By Yael Shamir-Driver, May 2001

Part 2

 

The Oldest Jewish Cemeteries:

Further west along Berdichev’s main street we arrived at what were once the two oldest Jewish Cemeteries in town.  As in many other former Jewish towns, the whole area was dug up and converted into a park named after Ukraine’s national poet and writer Taras Shavchenko.

 

Shavchenko Park was previously two cemeteries

The old cemeteries, today Shavchenko Park

 

At one corner of the park there is a single stone surrounded by railings – a symbolic reminder to a curious visitor of the former use of this area. If there was any inscription on this stone, it is no longer discernible by the naked eye. Hence, even a curious visitor would have a hard time working out the meaning of this stone.

 

Solitary grave at Shavenko Park

The lonely grave

 

The Search for One of the Many Old Synagogues:

From Shavchenko Park we drove, looking for an old synagogue in the area of the ‘Bazaar’ [market square].This is the area south of Shalom Aleichem Street, in the direction of the Gnilopiatka River, on the banks of which Berdichev is situated.

We did not find the building so at a nearby police station we stopped to ask.

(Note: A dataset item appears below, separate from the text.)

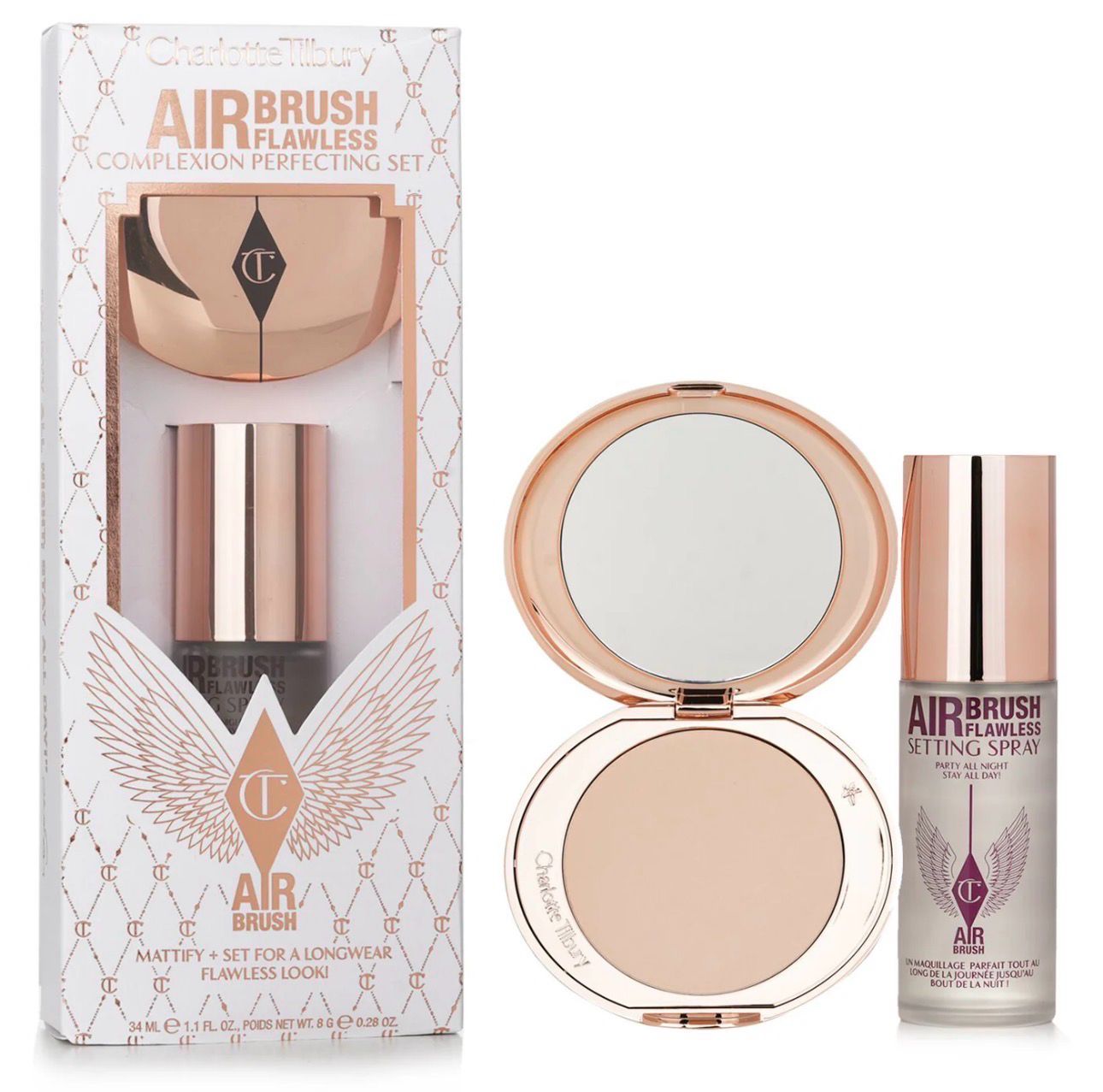 Charlotte Tilbury Airbrush Flawless Complexion Perfecting Set • AIRbrush Flawless Setting Spray 34 mL • AIRbrush Flawless Finish Powder • 01 Fair 8 g • Ideal For Personal Use • Gift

We were advised to look for a very old couple living down the road. This couple, we were told, know all there is to know about old Berdichev. We strolled on looking for this couple and it was not long before we spotted an elderly man carrying two buckets of water. We stopped him and after a couple of seconds ascertain that he was indeed “our man”. We offered to help him with the water only to hear him reply with a smile – “I am only 82; I should still be able to carry these buckets”. He carried the buckets to a next door small wooden structure, straight out of ‘Fiddler on the Roof’, and called his wife.

 

The old couple in Berdichev

The old couple from Berdichev. Their residence had formerly been a Jewish home.

At first they were reticent to talk to strangers, but after a few seconds, the ice broke. We learned that the couple had bought their residense 70 years ago. It was a “house” in the midst of a totally Jewish area. The “house” did not change since they bought it. From our short encounter we learned that the wife went to school with Jewish girls and still recalled some Yiddish and that the synagogue which we were searching for, was long gone! We also got the message that life in Berdichev today is no “milk and honey”.

An Old Flour Mill that has Disappeared:

We looked for the old Jewish flour mill, which used to stand on the northern bank of the river at the western edge of the town, adjacent to what is now the bridge leading to Zagrabellia. There was no trace of this mill and we were later advised that it had disappeared many years ago.